→ **Prompt**:
I'd like the entries repeated exactly, pictures omitted.

++++ Data provided

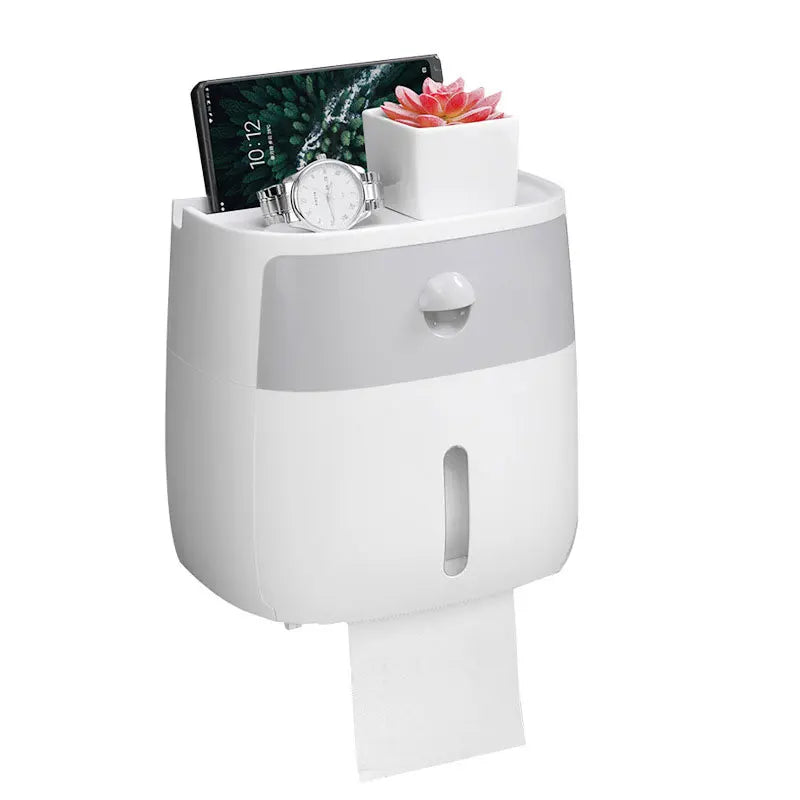 Tissue Dispenser Towel Holder Hot Sale Wall Mounted Plastic Kitchen Bathroom Toilet Roll Paper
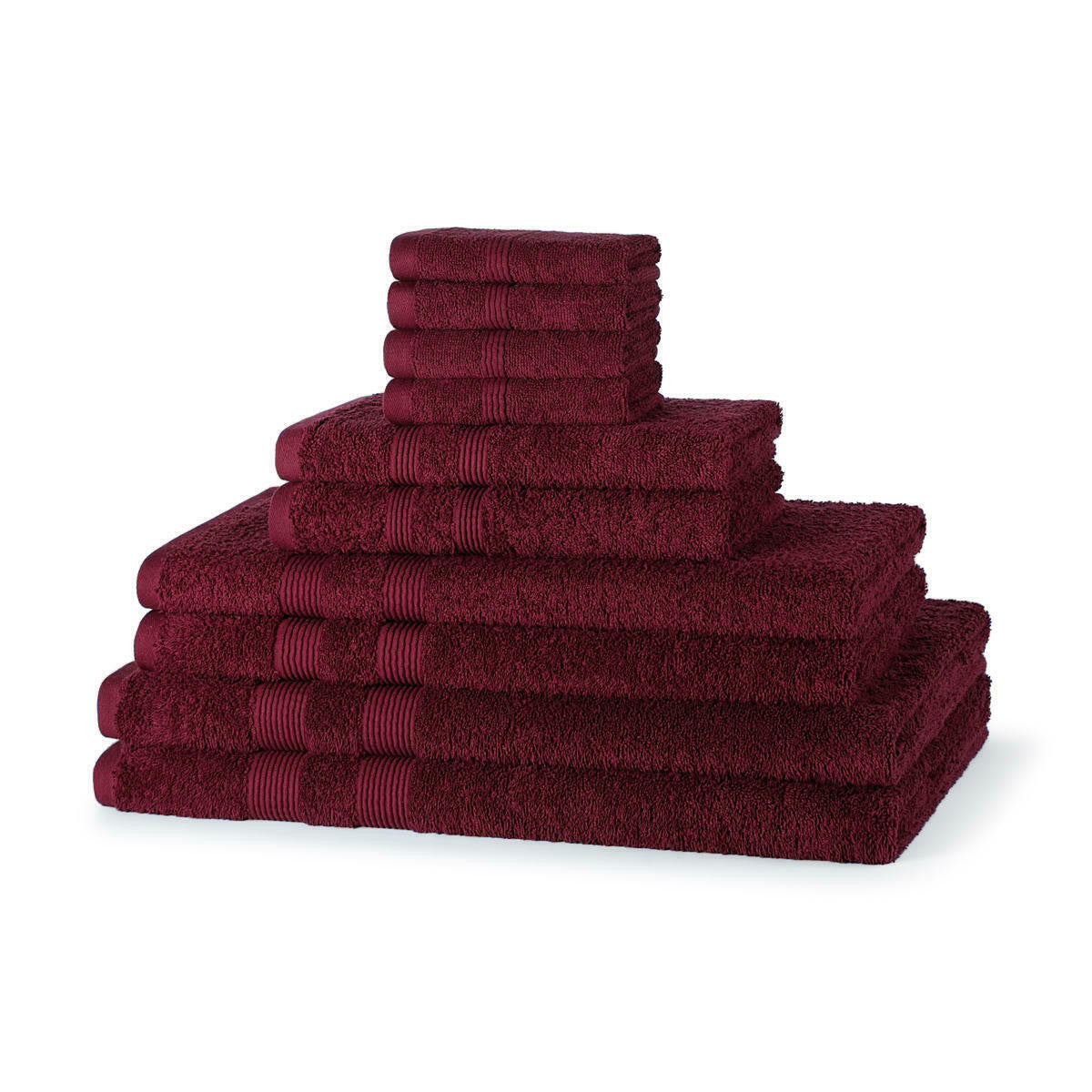 500GSM cotton 10 piece towel bale set in Cream — timeless neutral bathroom towel bundle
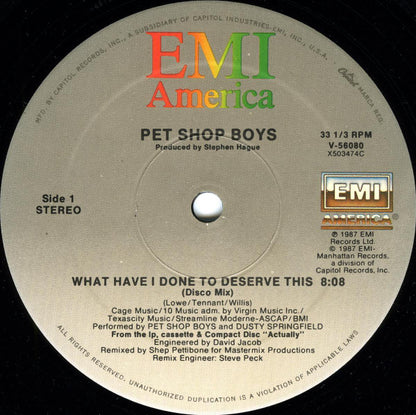 Pet Shop Boys, Dusty Springfield, Pet Shop Boys - What Have I Done To Deserve This? / Rent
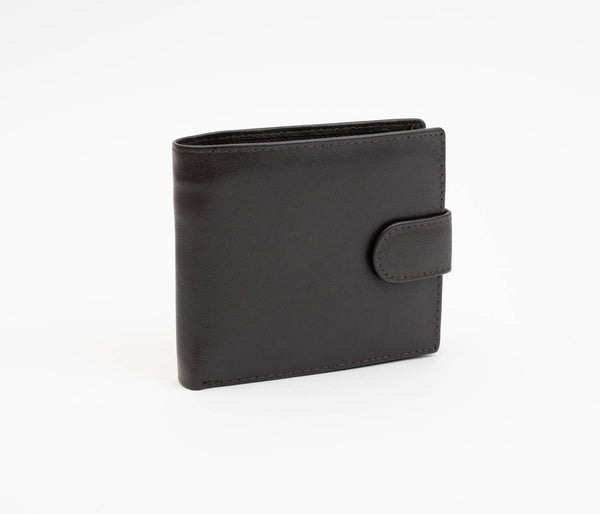 Avenue Men's Leather Wallet The M.C. Black RFID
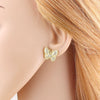 Wholesale Jewelry Copper Plated 18K Gold Butterfly Mushroom Flower Geometric Style Earrings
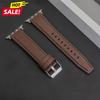 Кожаный ремешок для Apple Watch Band Ultra 3 49 мм 11 10 9 8 7 46 45 41 мм Высокое качество для IWatch Series 6SE54 44 40 мм Correa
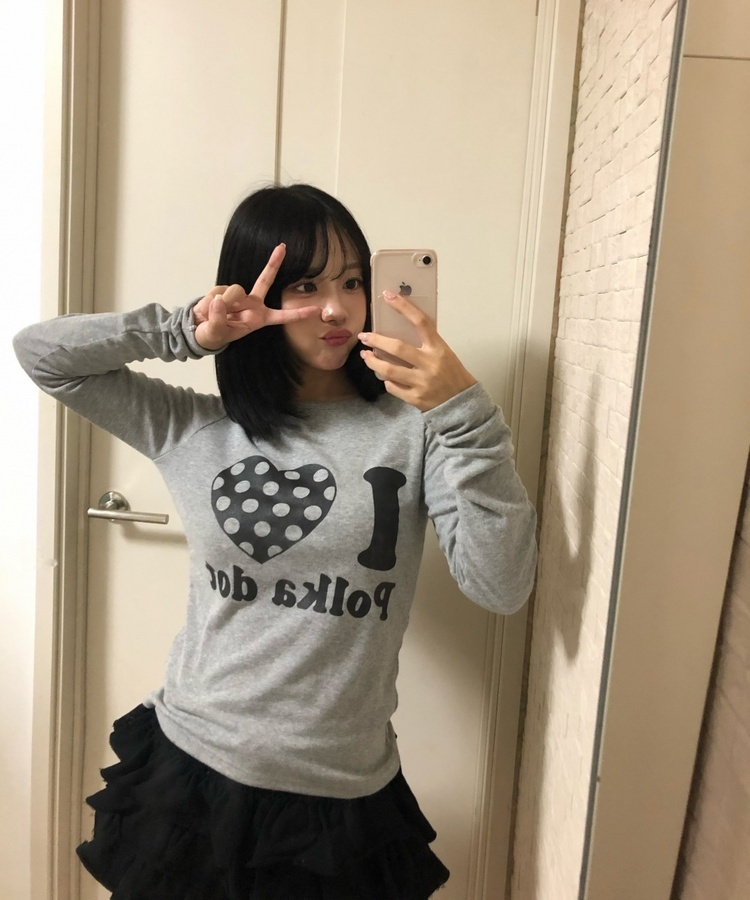 アイラブドットスリムTシャツ MELANGE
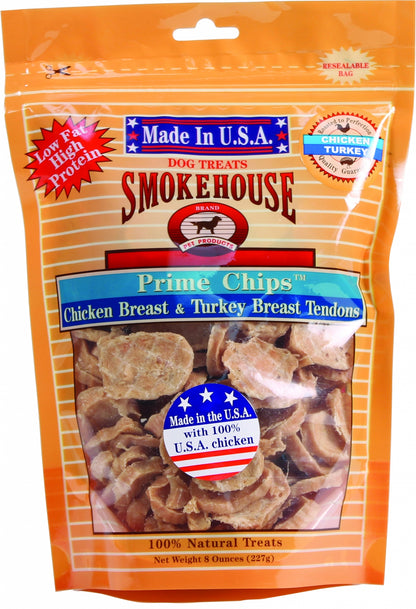 Smokehouse USA Prime Chips Dog Treats Resealable Bag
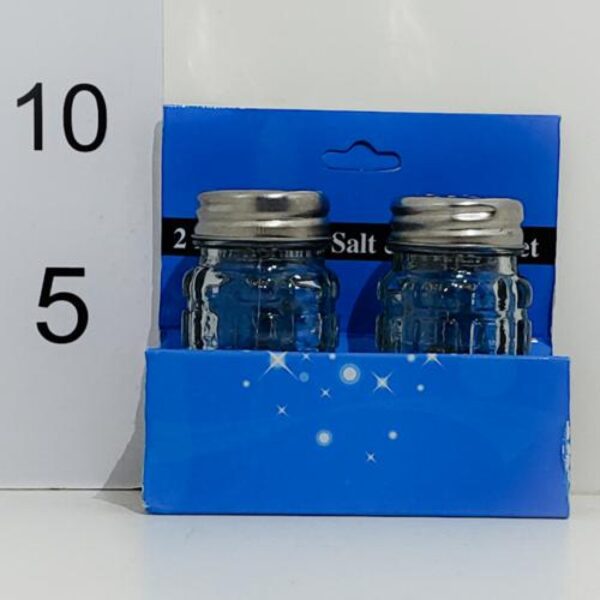 Set Salero - Pimentero Vidrio 7,5cm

++++++++

→ **Answer for the task**:
 Tissue Dispenser Towel Holder Hot Sale Wall Mounted Plastic Kitchen Bathroom Toilet Roll Paper
 500GSM cotton 10 piece towel bale set in Cream — timeless neutral bathroom towel bundle
 Pet Shop Boys, Dusty Springfield, Pet Shop Boys - What Have I Done To Deserve This? / Rent
 Avenue Men's Leather Wallet The M.C. Black RFID
 Wholesale Jewelry Copper Plated 18K Gold Butterfly Mushroom Flower Geometric Style Earrings
 Кожаный ремешок для Apple Watch Band Ultra 3 49 мм 11 10 9 8 7 46 45 41 мм Высокое качество для IWatch Series 6SE54 44 40 мм Correa
 アイラブドットスリムTシャツ MELANGE
 Smokehouse USA Prime Chips Dog Treats Resealable Bag
 Set Salero - Pimentero Vidrio 7,5cm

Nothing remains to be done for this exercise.